An irresistible model for the ethical questions raised by environmental activists arose from the era's civil rights and liberation movements. It was not hard to see Nature as a victim of oppression by the technological arrogance of governments and corporations just as minorities and women were oppressed by racism and patriarchy. Many environmentalists espoused an ecological "egalitarianism" that saw animals, trees, plants, and eventually the rocks and sky, included as beings and entities with inherent rights to be considered and respected. A pre - industrial view of Nature as wild and untamed and subject to dominion and productivity was contrasted with a view of the biosphere as sustaining, fragile, and nurturing. Thus, the issue of how to fix the environment seemed to rest on a question of balance and relationship. The couple in our card takes a walk in the woods in1969, the man symbolically juggling the terms of their relationship - a new balance between them - inflicted by the literal weight of his partner as they navigate along a country road the path of their own transformation. This idea of restructuring the relationship between humans and Nature was too seemingly appropriate not to be adopted as a metaphor for the concerns aroused by Earth's own transformation.

Environmentalism and its ethics - tied with gravity to the question of human survival - permeated the fields of philosophy, science and religion. One thread of this discussion produced the concept of ecofeminism, the application of a feminist perspective to the metaphor of Nature/human relations. In this metaphor, the biosphere is a woman - a mother of creation named Gaia (after the ancient Greek Earth Goddess) - who is also a victim of prevailing patriarchy that has sought to dominate her and thereby pervert the balance essential to sustaining life.

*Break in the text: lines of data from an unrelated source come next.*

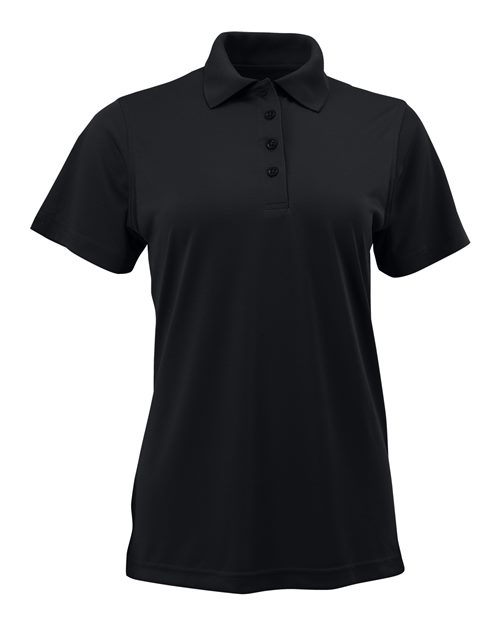 Paragon Women's Guardian Snag Proof Polo in Black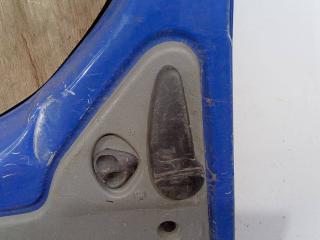 ручка внутренняя задняя левая Nissan Primastar 1 поколение 2004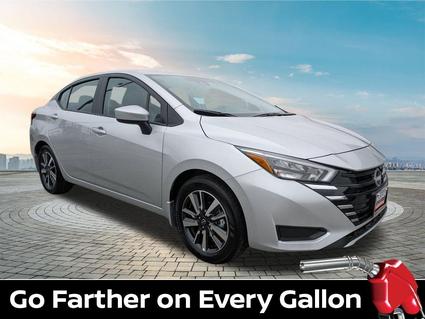 2025 Nissan Versa Hampton VA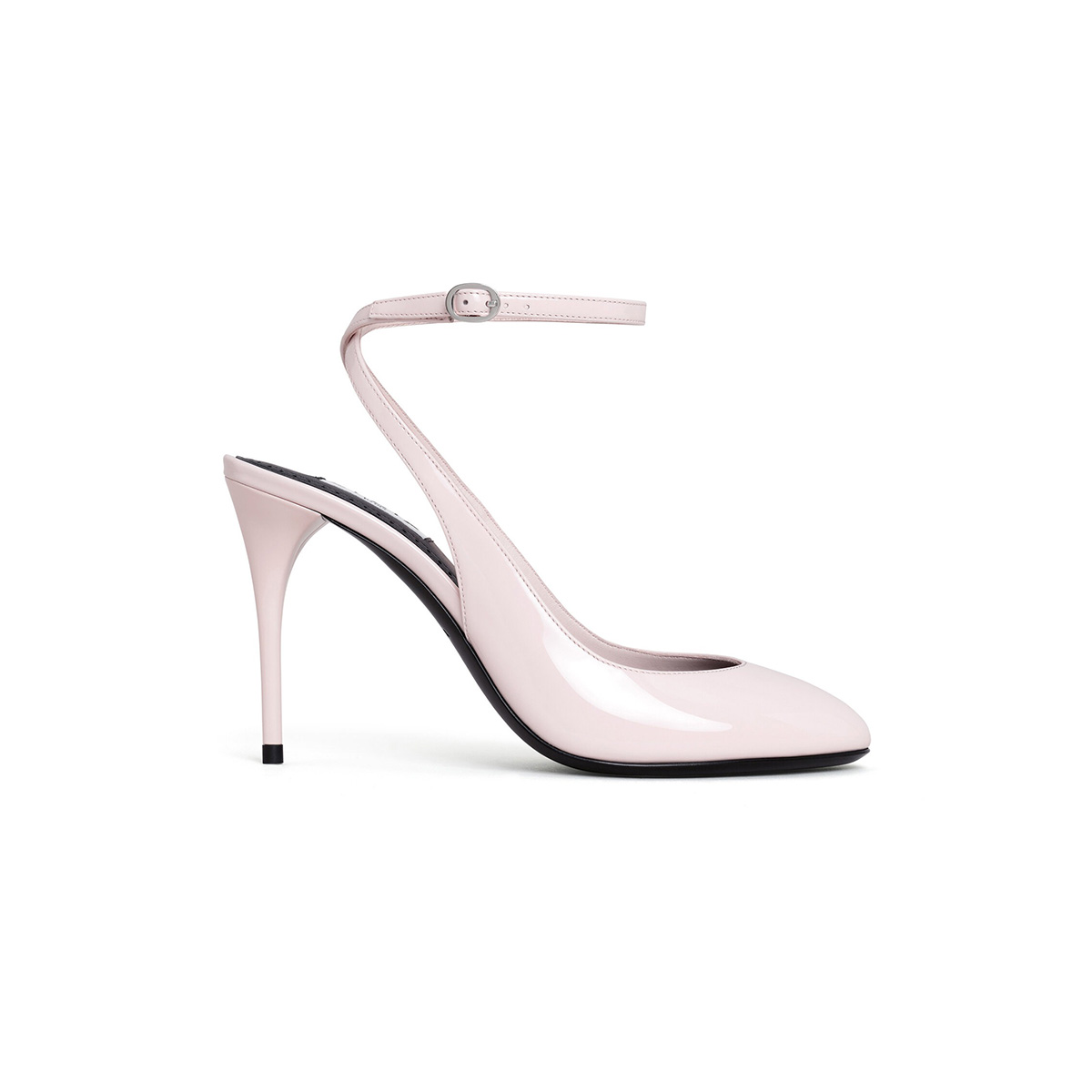 90 Patent-Leather Pumps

While some scientists are critical of the Gaia theory, a modified version of the hypothesis is now considered by ecologists to be basically consistent with the view of the biosphere as an ecosystem. Gaia theory turns away from a simple cause - effect paradigm and instead looks at the web of links within the ecosystem that tends to encourage or disrupt a balance of relationships optimal for life. Gaia offers a scientific model for the reassertion of eternal balance, an argument for its occurrence in Nature, as well as a description of its vulnerability to threats from the presumably "unnatural" impacts of human consciousness.